I am a member of the syftr team. Please feel free to ask questions.
This looks super cool! Seems like a stronger statistics-based optimization strategy than https://docs.auto-rag.com/optimization/optimization.html.
I've got a few questions:
Could I ignore all flow runs that have an estimated cost above a certain threshold, so that the overall cost of optimization is less? Suppose I choose an acceptable level of accuracy and then skip some costlier exploration stuff. Is there a risk it doesn't find certain optimal configurations even under my cost limit?
How does the system deal with long context-length documents that some models can handle and others can't? Does this approach work for custom models?

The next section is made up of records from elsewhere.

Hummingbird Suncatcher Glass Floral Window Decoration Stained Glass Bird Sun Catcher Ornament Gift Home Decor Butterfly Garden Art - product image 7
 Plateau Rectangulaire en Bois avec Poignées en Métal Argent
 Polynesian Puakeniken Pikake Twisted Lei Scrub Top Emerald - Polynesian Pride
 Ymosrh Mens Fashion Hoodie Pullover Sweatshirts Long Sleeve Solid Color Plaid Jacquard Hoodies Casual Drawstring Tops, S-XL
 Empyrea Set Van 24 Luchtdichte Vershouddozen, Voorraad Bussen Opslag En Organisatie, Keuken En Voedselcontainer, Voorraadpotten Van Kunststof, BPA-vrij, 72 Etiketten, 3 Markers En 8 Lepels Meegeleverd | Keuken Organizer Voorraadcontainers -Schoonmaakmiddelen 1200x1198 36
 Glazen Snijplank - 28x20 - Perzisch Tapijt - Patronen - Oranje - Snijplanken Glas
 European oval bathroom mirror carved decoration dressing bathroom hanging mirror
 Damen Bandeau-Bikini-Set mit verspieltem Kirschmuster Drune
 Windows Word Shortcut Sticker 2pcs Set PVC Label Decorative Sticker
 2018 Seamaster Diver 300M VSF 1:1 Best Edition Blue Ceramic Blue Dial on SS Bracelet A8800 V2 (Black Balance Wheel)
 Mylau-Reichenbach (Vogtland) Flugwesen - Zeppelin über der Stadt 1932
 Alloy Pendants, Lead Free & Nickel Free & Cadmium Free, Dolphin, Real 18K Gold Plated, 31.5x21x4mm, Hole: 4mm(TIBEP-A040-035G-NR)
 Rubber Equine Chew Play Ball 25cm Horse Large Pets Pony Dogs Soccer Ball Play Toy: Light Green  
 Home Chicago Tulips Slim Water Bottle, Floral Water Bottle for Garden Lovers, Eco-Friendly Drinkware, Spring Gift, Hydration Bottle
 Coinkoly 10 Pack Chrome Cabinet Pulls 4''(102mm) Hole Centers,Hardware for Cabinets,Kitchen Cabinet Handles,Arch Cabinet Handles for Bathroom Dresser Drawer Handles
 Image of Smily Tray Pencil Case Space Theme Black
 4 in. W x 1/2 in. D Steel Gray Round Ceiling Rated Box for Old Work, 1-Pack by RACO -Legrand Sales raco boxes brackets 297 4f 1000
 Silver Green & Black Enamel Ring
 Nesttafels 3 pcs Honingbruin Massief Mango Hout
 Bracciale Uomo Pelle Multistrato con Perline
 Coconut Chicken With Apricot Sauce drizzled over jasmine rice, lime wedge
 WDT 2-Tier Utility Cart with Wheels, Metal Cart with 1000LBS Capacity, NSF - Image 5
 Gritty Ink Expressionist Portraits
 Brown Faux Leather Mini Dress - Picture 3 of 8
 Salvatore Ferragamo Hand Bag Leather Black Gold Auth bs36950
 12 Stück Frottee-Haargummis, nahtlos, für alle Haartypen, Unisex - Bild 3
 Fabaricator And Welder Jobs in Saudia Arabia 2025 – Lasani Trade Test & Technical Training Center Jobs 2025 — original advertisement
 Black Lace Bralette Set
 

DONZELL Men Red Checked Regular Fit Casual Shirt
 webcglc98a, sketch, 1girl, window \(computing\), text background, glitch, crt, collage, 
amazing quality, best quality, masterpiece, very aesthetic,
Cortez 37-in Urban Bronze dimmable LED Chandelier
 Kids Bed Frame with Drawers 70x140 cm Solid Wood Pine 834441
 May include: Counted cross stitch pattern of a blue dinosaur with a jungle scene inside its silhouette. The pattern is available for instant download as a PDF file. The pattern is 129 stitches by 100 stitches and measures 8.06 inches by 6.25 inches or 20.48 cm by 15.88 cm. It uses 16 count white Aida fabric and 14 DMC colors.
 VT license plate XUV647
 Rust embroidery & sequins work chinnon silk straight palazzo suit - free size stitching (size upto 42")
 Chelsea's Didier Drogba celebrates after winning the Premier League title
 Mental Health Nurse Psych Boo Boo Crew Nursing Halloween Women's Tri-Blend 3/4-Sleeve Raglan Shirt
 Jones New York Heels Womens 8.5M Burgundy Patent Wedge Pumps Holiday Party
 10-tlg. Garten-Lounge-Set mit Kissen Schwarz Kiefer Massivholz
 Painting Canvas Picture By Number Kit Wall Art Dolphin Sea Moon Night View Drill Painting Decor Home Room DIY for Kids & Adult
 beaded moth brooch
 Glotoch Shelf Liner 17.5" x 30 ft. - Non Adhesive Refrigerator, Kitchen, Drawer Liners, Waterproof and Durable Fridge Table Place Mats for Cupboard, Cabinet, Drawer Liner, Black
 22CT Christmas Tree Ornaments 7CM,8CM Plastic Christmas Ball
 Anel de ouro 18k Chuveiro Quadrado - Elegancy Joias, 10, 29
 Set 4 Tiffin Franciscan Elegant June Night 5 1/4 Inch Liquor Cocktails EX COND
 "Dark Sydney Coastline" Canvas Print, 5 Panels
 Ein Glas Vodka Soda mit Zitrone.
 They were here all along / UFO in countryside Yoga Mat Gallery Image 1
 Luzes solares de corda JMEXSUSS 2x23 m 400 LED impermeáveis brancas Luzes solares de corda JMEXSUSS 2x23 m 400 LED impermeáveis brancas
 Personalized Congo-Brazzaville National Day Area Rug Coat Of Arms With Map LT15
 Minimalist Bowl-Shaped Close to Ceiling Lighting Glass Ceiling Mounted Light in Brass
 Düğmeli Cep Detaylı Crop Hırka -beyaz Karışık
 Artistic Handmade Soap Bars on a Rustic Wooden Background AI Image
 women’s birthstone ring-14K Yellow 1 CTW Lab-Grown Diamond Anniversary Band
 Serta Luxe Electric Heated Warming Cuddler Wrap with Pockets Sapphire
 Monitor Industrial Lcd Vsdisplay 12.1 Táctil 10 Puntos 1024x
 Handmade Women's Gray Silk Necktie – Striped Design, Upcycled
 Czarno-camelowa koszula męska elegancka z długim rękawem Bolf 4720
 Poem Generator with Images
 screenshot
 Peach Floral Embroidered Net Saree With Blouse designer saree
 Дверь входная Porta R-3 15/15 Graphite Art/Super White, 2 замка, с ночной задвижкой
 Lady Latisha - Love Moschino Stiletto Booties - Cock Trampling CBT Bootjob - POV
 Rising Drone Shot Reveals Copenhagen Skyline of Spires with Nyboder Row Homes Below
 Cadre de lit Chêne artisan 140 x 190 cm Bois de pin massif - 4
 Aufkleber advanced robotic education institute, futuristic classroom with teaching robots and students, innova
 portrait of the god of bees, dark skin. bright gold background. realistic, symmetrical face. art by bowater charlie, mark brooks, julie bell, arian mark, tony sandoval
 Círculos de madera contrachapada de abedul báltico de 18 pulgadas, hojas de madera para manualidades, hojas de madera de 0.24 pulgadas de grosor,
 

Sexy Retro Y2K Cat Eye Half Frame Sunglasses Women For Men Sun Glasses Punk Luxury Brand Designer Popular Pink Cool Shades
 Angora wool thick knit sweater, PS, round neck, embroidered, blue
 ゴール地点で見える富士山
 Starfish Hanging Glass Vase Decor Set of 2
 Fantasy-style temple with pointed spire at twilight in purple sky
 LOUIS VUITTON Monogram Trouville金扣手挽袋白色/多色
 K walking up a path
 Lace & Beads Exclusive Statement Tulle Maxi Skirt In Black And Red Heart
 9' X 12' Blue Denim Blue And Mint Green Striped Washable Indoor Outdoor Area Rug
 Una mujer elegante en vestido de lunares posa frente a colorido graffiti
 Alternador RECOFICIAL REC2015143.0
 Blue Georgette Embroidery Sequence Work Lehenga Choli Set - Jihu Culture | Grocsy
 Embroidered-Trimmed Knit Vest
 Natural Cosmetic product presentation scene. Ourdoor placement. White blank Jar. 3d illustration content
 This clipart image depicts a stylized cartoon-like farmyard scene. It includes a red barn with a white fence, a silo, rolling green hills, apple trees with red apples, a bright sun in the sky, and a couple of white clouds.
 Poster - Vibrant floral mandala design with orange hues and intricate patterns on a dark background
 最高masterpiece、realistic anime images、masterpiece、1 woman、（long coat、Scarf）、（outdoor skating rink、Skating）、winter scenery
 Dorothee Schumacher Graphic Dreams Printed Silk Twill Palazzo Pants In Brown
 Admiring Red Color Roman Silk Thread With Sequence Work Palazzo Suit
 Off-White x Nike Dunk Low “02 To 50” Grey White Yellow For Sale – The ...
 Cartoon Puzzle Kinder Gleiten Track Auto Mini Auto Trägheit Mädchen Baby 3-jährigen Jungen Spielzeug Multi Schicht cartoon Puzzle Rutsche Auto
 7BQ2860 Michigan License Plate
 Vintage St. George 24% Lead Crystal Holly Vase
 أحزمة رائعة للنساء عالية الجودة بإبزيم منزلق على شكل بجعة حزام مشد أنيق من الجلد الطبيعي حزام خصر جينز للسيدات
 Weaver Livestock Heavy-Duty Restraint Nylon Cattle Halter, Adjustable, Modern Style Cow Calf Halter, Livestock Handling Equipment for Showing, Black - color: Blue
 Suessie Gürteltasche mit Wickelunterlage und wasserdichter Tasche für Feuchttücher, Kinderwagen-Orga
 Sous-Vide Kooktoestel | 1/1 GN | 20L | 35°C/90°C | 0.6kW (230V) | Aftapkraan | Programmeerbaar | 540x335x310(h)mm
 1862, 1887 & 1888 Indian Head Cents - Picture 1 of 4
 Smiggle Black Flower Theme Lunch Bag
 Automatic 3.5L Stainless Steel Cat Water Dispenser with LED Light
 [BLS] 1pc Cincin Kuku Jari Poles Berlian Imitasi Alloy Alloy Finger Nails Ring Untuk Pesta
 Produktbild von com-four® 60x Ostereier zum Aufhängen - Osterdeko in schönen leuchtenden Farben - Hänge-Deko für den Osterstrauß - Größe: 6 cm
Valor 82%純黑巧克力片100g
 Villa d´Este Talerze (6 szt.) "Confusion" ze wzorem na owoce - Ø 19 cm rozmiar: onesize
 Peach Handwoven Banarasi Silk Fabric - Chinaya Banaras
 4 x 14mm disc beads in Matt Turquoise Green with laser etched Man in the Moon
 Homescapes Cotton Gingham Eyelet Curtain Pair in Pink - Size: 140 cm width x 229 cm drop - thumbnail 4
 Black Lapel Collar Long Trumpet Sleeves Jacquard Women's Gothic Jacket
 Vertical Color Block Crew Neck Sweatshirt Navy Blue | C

Suppose I want to create and optimize for my own LLM-as-a-judge metrics like https://mastra.ai/en/docs/evals/textual-evals#available-metr..., how can I do this?
Are you going to flesh out the docs? Looks like the folder only has two markdown files right now.
Any recommendations for creating the initial QA dataset for benchmarking? Maybe creating a basic RAG system, using those search results and generations as the baseline and then having humans check and edit them to be more comprehensive and accurate. Any chance this is on the roadmap?
Cool stuff, I'm hoping this approach is more widely adopted!
Given section A7 in your paper: https://arxiv.org/pdf/2505.20266
...would it be accurate to say that syftr finds Pareto-optimal choices across cost, accuracy, and latency, where accuracy is decided by an LLM whose assessments are 90% correlated to that of human labelers?
Are there 3 objectives: cost, accuracy, and latency or 2: cost and accuracy?